A few years ago, this was a trending topic — and it keeps turning up in the media every once in a while. Some of you may have heard or even witnessed incidents to the tune of: “My big data team has analyzed things, and some of you are fired.”

But today, I suggest setting aside the extreme cases and, instead take a birds-eye view of such tasks, which can present a certain interest in three aspects:

The origin of the task and its business use (if any)
Some ethical aspects
Proper formulation and possible solution of the task in terms of Machine Learning

So buckle up.

Ethical groundwork

Let’s kick off by asking where the task of predicting an employee’s resignation comes from.

Before we answer, there’s some basic groundwork to establish. The right of an employee to terminate their contract with their employer is mandated by labor law, which — aside from being a basic human right — ensures natural regulation and improved working conditions in a competitive job market. It’s what keeps any organization’s recruitment wheels turning: looking for new employees to replace outgoing ones or simply to introduce new talent into the workflow. Any fairly large organization must ensure this process is seamless and persistent.

Another important point is that a company’s employee count isn’t equivalent to its commercial yield. Suppose you run an IT business with a headcount of 100. 50 of them are all stripes of developers, while the remaining 50 perform the rest of the duties. In this case, what will a cleaner quitting the company mean for you? What about a CTO bidding farewell? A garden-variety developer calling it quits? These three scenarios pose entirely different risks and entail three different response strategies. In a well-run organization, none of these events (or even all of them at once) deal a lethal blow to its operations. It is precisely these risks that we are handling when faced with the task of predicting an employee(s) resignation.

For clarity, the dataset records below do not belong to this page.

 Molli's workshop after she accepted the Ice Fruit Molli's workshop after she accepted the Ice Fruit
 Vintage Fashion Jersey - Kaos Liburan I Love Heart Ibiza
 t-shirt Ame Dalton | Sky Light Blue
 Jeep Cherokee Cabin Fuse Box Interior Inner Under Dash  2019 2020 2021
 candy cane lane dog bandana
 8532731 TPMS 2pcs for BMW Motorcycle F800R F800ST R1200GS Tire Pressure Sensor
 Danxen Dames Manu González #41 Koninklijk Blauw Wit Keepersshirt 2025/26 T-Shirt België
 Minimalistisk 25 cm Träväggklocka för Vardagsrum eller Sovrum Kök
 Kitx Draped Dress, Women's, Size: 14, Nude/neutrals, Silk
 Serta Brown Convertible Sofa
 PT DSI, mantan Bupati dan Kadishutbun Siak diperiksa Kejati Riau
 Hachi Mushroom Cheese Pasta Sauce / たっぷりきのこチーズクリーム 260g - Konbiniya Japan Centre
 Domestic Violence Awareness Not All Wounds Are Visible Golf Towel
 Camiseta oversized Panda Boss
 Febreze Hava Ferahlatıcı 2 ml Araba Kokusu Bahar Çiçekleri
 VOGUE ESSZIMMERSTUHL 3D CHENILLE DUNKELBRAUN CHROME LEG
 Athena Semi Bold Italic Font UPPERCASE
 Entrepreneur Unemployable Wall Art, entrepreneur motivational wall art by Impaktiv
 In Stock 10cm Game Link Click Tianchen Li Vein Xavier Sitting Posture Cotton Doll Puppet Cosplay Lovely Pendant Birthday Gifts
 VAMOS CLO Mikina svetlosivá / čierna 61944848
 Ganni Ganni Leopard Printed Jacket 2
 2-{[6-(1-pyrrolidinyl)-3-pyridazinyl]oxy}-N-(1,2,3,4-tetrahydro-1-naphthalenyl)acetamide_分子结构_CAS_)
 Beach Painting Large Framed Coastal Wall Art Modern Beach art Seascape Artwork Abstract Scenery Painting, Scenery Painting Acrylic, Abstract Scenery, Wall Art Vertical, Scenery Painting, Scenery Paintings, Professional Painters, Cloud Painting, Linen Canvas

This brings us to the first important characteristics that we are dealing with: the unpredictability of resignation and the inequality of the affected positions.

Here it pays to discuss another basic thing that will help us in our further study — the resignation event per se. Viewing resignations from a pure data analysis perspective may lead to a somewhat counterintuitive conclusion: sooner or later, all of our company’s employees will be stepping down. Technically it’s true: pick a sample of any organization’s employees with more numbers and longer stints, and you’ll be quick to realize that someone will walk out as early as tomorrow, someone will bow out in a year’s time, and for others, it may take 10 more years before calling it a day. But the bottom line is, any employee resigns from the company once they hit retirement age.

Now instead of asking ourselves if an employee will quit, let’s switch to two more specific questions: who will leave the company and when will they do it? Predicting some general outflow figures is not enough: after all, no ML is needed to crunch the turnover rate numbers. Instead, these tasks involve specific job titles and expected time horizons for employees who may eventually stand down. Simply put, who is going to resign and exactly when — these are the questions we are processing.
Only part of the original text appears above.